That’s the reason Jesus announces such heart-stopping words: One of you will betray me. He could have pulled Judas aside, whispered in his ear: “You will betray me.” He could have asked the Twelve: “Will someone betray me?” He does neither. Instead, he predicts the future. Jesus speaks these words in the hearing of all of his disciples— including the eleven innocent ones— so that each one could examine the cravings of the heart, consider what the heart is capable of doing, and then turn to Jesus.
So ask yourself: Is It I? Have I betrayed my Lord? Have I sold him for fiery outbursts? Have I exchanged him for pleasure that really did not satisfy? Have I dumped him so that I am not identified as “Christian?” Is It I? Honestly? Yes, you are the one with a sinful heart, but you are the one for whom the Savior goes.
And Jesus goes willingly. I mean, Jesus uncovers the future: One of you will betray me. Yet, he does not slip out the back door. He does not detour from the Mount of Olives. Instead, he tells each disciple—you and me included: The Son of Man will go just as it is written about him. He will allow Judas to slink out the back door. He will pray in Gethsemane as the armed mob jostles towards him. He will watch his creation kill him— kill him instead of killing their wicked unbelief. He will go to Mount Calvary where our ‘Woe’ will devour him.
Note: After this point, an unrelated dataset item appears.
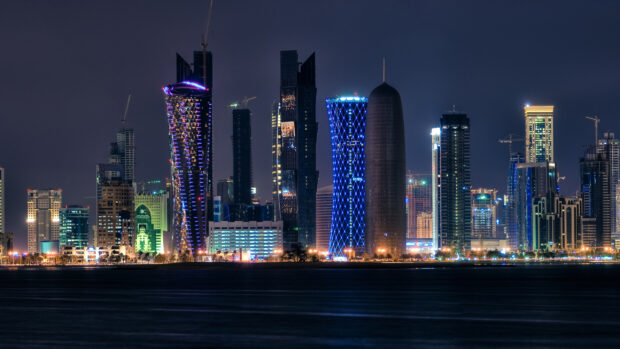 Night cityscape with illuminated Qatar skyline and modern skyscrapers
Yes, you are the one for whom the Savior goes. His suffers to such an extent that it would be better if he had never been born! Yet, he suffers so that our lives are changed from ‘better off dead’ to ‘better off because of Jesus.’
Jesus, who goes into death for us, also goes out of death for us. He will go out of the tomb without the eternal woe of death. He will go out of the tomb with a new word for you: “Blessed.” You are ‘blessed’ because are you that you are the one for whom the Savior goes.
You will always live as one for whom the Savior goes. Each day you rise as a forgiven child of God. It is in the Word that you see Jesus evaluate and judge your hearts: not guilty!” What joy! Judas, who turned from faith, had nowhere to run. The devil duped him into believing that 30-pieces of silver would give him greater satisfaction than Jesus ever could. Yet, when the money actually hit his hands, Judas realized how great of a lie he believed. Worse yet, he failed even to turn to a Savior in his great despair. Without faith in a Savior, he had nowhere else to run.
You (and I) will continue battling temptation. The battle will be fierce. The battle will be exhausting. Yet, you have a place to run for strength and victory. You can race to Jesus. His nail-pierced hands gently lift up your chin. His nail-pieced hands point at the altar of the cross, where he removed our woe with his blood. There, in his pierced hands, you find the open, outstretched embrace of forgiveness. There, in his pierced hands, you receive the tender embrace of a dear Savior. There, at the cross, you marvel: Is It I? Jesus goes for me? Yes, you are the one for whom the Savior goes.
The human heart is capable of unleashing the most horrific of evils. Recognizing that takes the first step to treasuring the life of Jesus. You are the one with the sinful heart. A heart which still serves its own self-interests. A heart which would push Jesus away if it has the chance. Yet, you are the one for whom the Savior goes. He goes to bring your heart to himself. He goes to align the desires of your heart to his. Is It I? Yes, you are the one with a sinful heart. Yes, you are the one for whom the Savior goes.